Over the last year, the real OkCupid has introduced new choices for gender identities and sexual preferences that extend beyond the binary male/female. From a data architect's perspective this could be a nightmare. Adding a new field for each possible gender is unwieldy. In Cosmo-Connect the structure is normalized so this isn't a problem. Gender options are in a table. A user chooses one gender and only one from a list. Then to indicate orientation, users check the boxes "interested_in" for one or multiple genders.
This makes the database scalable as dating websites increasingly cater to clients' more nuanced gender identities and sexual orientations. The following query is run to return all users who are at least theoretically compatible by gender and orientation.
SELECT
them.id
FROM
users me
INNER JOIN
desired_genders my_preferences ON my_preferences.user_id = me.id
INNER JOIN
desired_genders their_preferences ON their_preferences.gender_id = me.gender_id
INNER JOIN
users them
ON my_preferences.gender_id = them.gender_id
AND their_preferences.user_id = them.id
WHERE
me.id = $1
AND my_preferences.interested
AND their_preferences.interested
Due to time constraints and the range of Seinfeld characters, the database only includes choices "male/female/other" at the moment, but expanding those choices is only an INSERT query away.

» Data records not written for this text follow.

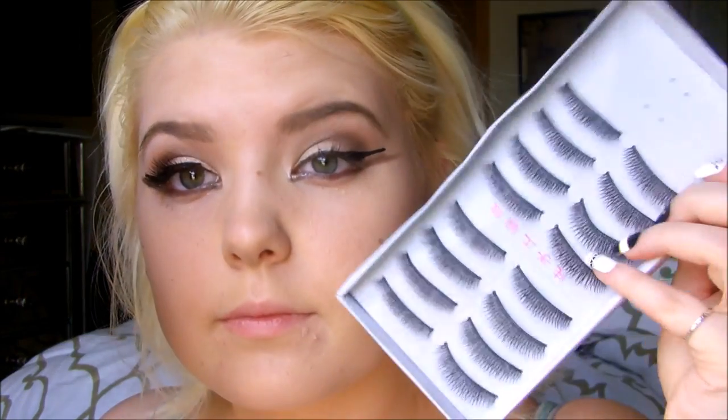Hey guys, it's Emily. I'm going to be showing you guys how I apply my false eyelashes today. I just woke up so sorry about the hair, and those are the lashes I'm going to be using today. I have a review — I'll link that down below for you guys to go and check out.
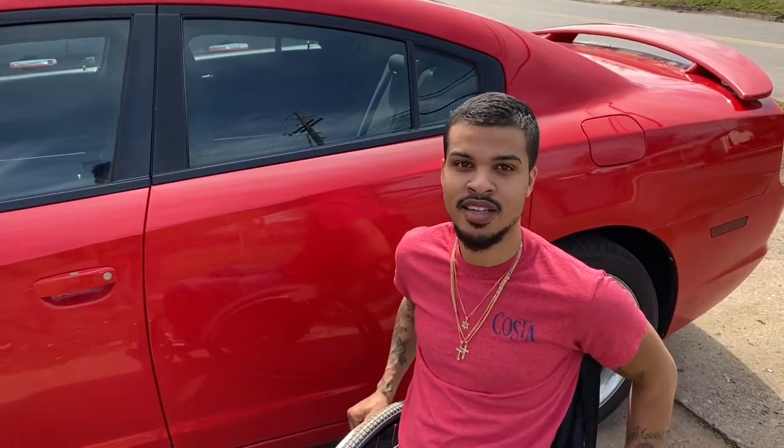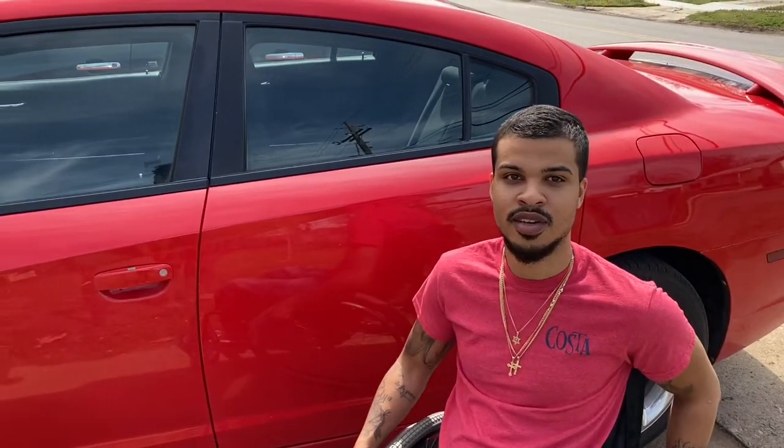Hey, what's up y'all? It's a nice day out here today. So I'm gonna show you guys how I get in and out the car whenever I get ready to drive. This is just the way that works best for me. For anybody that's in a wheelchair and trying to get used to getting in and out of the car, I'm gonna show you how I do it and how it works best for me.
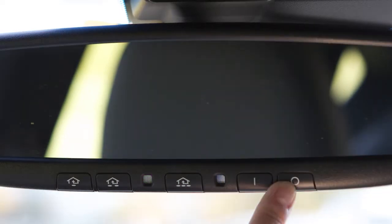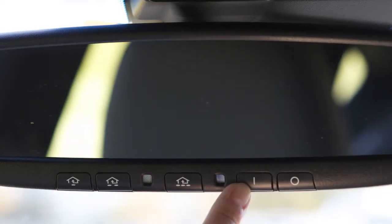Press this button to turn the anti-glare feature off. Press this button to turn it on.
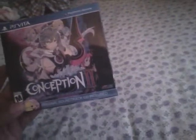Hey guys, this is Sorrow245 here with a new unboxing video. This time it's an unboxing of the limited edition of Conception 2: The Children of the Seven Stars. Let's use the back to open this baby up.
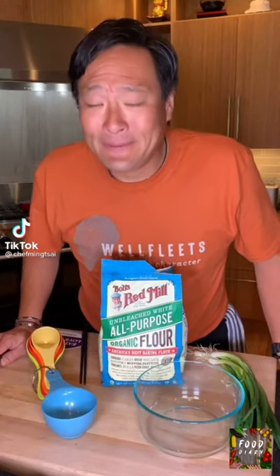Hey, Ming Tsai here. I want to show you guys how to make one of the simplest, most delicious things in the world — scallion pancakes.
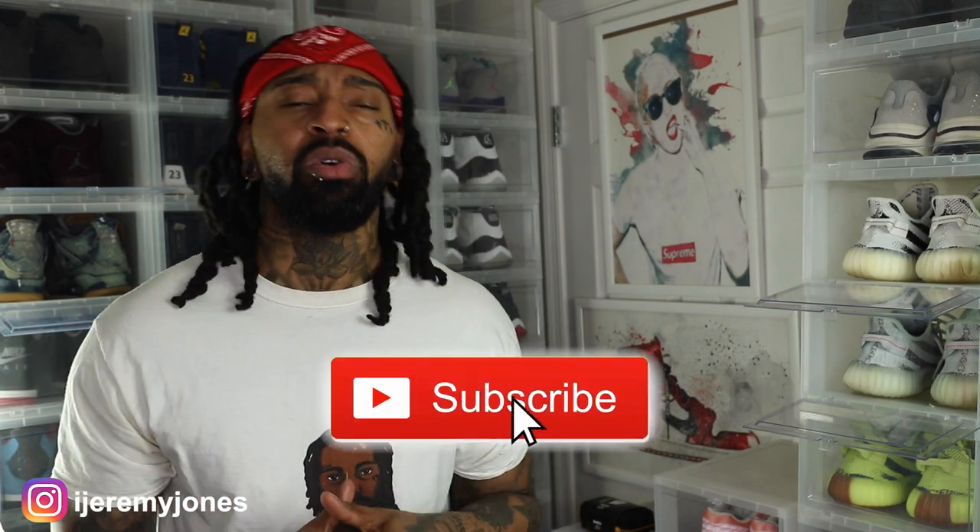Let me know down in the comment section. I'm going to go ahead and get up out of this thing. Y'all be sure to hit that like button — it really helps the channel out. And if you're new, consider subscribing. I make content about sneakers. Again, my name is Jeremy Jones, and thank you for watching. I'm out.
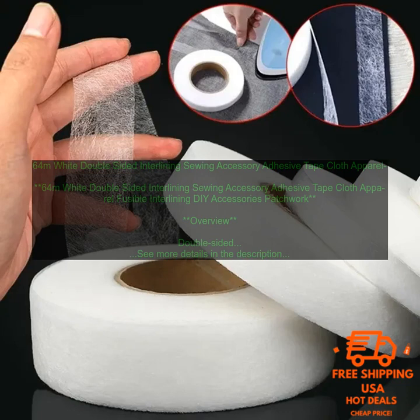Benefits of Using Double-Sided Interlining: There are many benefits to using double-sided interlining in your sewing projects. Stability: Double-Sided Interlining adds stability to garments, making them less likely to stretch or wrinkle. This is especially important for garments that will be worn frequently or that will be subjected to a lot of movement.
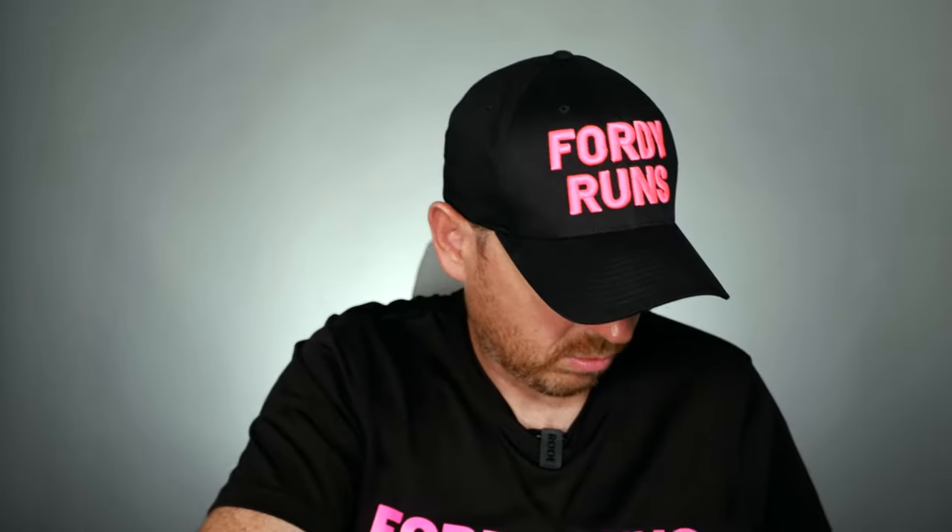We've got a really, really good pull tab. Weight is just under 10 ounces — 9.95. And this one comes in at 10.25, so a little bit heavier.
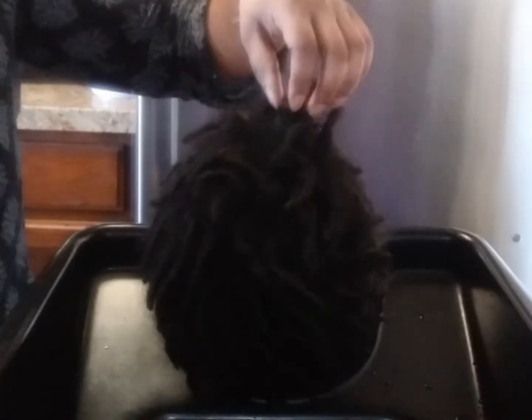Today we're going to be doing a tutorial very quickly on some starter locks. This young man has been doing his hair for about four months now in the locking process.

ActiveRecord offers great convenience, but it comes at a cost. To do the following query with pure ActiveRecord relations, it would be a mess. We would need to daisy chain a bunch of intermediate "through" associations which would never be used for anything else. It would be difficult to debug and it would pollute the namespace of the user model. At the same time, writing straight SQL queries with a "find_by_sql" means we lose all the nice properties of ActiveRecord such as the option to include other tables later on, avoiding N+1 queries.
This solution is a compromise, but effective. Write whatever query you want, returning only the id's of the ActiveRecord model in question. Insert that query as a subquery into a where method of your ActiveRecord Model.
class User < ActiveRecord::Base
def soulmates
# Use a subquery to get the unique ids of the soulmates
# Then put it into a plain old ActiveRecord associaton
User.where("id IN (
SELECT
them.id
FROM
users you
INNER JOIN
matches m0 ON m0.sender_id = you.id
INNER JOIN
matches m1 ON m1.sender_id = m0.receiver_id
AND m1.receiver_id = #{self.id}
INNER JOIN
users them ON m1.sender_id = them.id
WHERE
you.id = #{self.id}
)")
end
end
Yes, it is an additional query, but it's still only a single round trip to the Postgres database. Now we maintain all the nice properties of ActiveRecord such as the ability to choose to include other tables at a later time.
Finally, my experience has taught me that the data structure generally outlives the code for which it was created. Rails provides the ability to validate data at the model level, but should we switch platforms, we want the database to be more than an assorted collection of tables.
For this reason, foreign key constraints, unique constraints, and such are all validated twice. Normally the rails model catches the error first and returns a useful message to the user. But in the case of a coding bug, a 500 level error from the database is still not as bad as corrupted data.